Не успел Владимир Путин натравить своих противников друг на друга на прошлой неделе в Мюнхене, грубо напав на американскую односторонность, как он уже отправился на Ближний Восток интимно поболтать с некоторыми из ближайших союзников США, включая Саудовскую Аравию. Каковы цели российского президента? Ответ: возможно, они гораздо скромнее, чем возвещают набатные колокола в Вашингтоне и Брюсселе. Это не борьба за союзников по окончании холодной войны и в начале новой конфронтации, а лишь желание снова считаться игроком на более широкой арене.
Речь идет еще и о бизнесе. Путин ездит по региону в окружении руководителей российского бизнеса – не только "Газпрома", "Лукойла" и "Роснефти", но также глав российской железнодорожной фирмы, производителя автомобилей "Автоваз" и атомной энергетики. Москва ищет контракты.
Многие газетные заголовки кричат об угрозе новой "газовой ОПЕК" после того, как российский лидер сделал остановку в Катаре, где находятся третьи по величине газовые резервы мира. Путин радостно соглашается с домыслами, называя идею "интересной". Даже если этого никогда не будет (а большинство игроков в газовой отрасли настроены весьма скептично), он знает, что его слова вызовут реакцию.
Россия много месяцев прощупывает таких же, как она, энергетических поставщиков, не столько с мыслью создать какой-то устанавливающий цены картель, но скорее для выяснения, в какой мере могут сотрудничать крупные поставщики нефти и газа. У Путина, похоже, две цели: обеспечить, чтобы они не сбивали цены друг другу на рынках будущих покупателей, и установить более тесные связи между появляющимися национальными энергетическими гигантами, подобными его "Газпрому".
В прошлом году он был в Алжире, третьем по величине поставщике газа в Европу после России и Норвегии. Когда "Газпром" и его алжирский эквивалент Sonatrach подписали в августе меморандум о взаимопонимании, Брюссель отреагировал тревожно. Как раз когда Европейский союз стремится диверсифицировать свои источники газовых поставок, отведя их от России, Москва, казалось, закрепляла за собой рынок.
Пока мало свидетельств, наводящих на мысль о подобном сговоре, но отношения с Алжиром непрозрачны. Правительство Алжира разрывается между обеспечением себе привлекательного рынка в Испании, Франции и Италии и сохранением хороших отношений со страной, которая является его главным поставщиком оружия. В самом деле, Алжир много должен России за поставки военной техники на протяжении десятилетий.
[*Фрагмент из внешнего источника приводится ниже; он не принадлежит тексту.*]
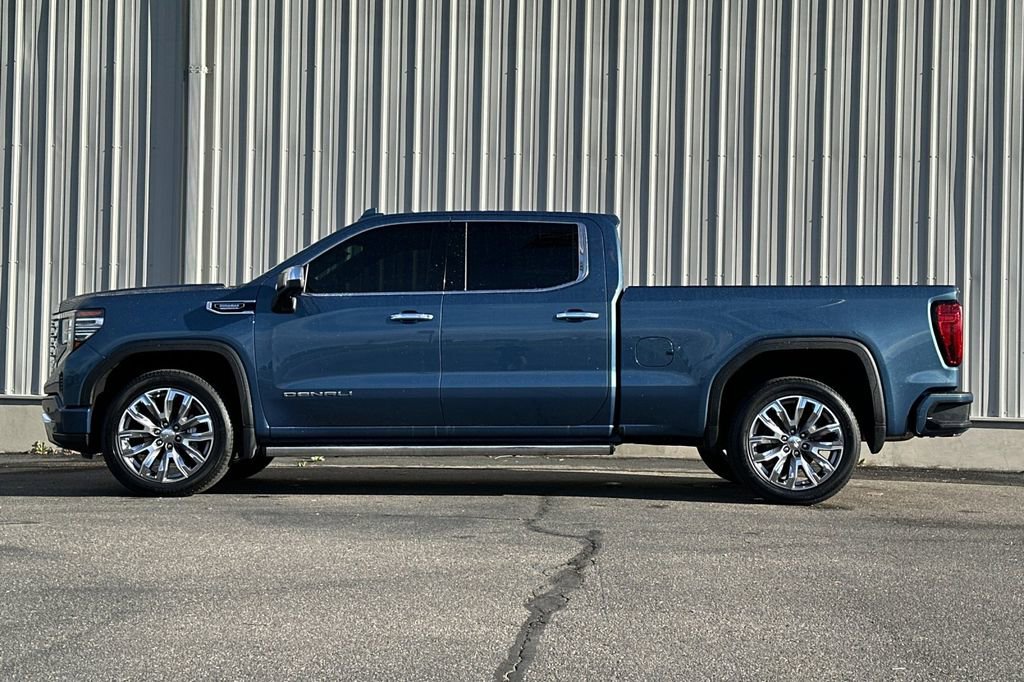 Used 2024 GMC Sierra 1500 Denali w/ Denali Reserve Package image 7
И когда Польша приходит к нему поговорить о покупке сжиженного газа в качестве альтернативы российскому газу, это может ни к чему не привести. Но Алжир всегда вел честную игру с США и ЕС, его крупнейшими рынками.
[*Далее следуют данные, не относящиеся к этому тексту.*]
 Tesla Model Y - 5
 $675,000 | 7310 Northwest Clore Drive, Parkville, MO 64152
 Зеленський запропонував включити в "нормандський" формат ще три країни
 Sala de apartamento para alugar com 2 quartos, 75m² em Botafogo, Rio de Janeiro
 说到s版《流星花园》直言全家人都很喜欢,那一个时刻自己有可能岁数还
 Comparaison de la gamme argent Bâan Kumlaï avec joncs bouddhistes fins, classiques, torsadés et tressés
Катар – совсем другое дело. Это один из самых открытых энергетических рынков для западных нефтяных компаний. Доха принимает Форум стран-экспортеров газа, куда входит и Россия, но эта организация пока не продемонстрировала намерений стать чем-то большим, чем место встреч для обмена информации.
Турне Путина в действительности важно своим символическим значением не меньше, чем сутью.
"Чего хочет Путин, так это превратить Россию из обычной региональной фигуры в игрока в областях, которыми долго пренебрегали", – говорит Бобо Ло, возглавляющий российско-евразийскую программу в лондонском Chatham House. И у Путина есть возможность это сделать, поскольку даже в такой стране, как Саудовская Аравия, понимают, что США, увязшие в Ираке, уже не тот союзник, что прежде.
Но это объяснение игнорирует бизнес. Между тем в Саудовской Аравии говорилось об атомной энергетике и строительстве железной дороги "Север – Юг". Содержание переговоров о продаже оружия с национальным экспортером "Рособоронэкспорт" не раскрывается. В Иордании "Автоваз", производящий "Ладу", подписал соглашение о строительстве автозавода на 30 тыс. машин.
Может быть, дело именно в этом: несмотря на мюнхенскую риторику, Путин на самом деле не боец холодной войны. Он просто хочет делать бизнес.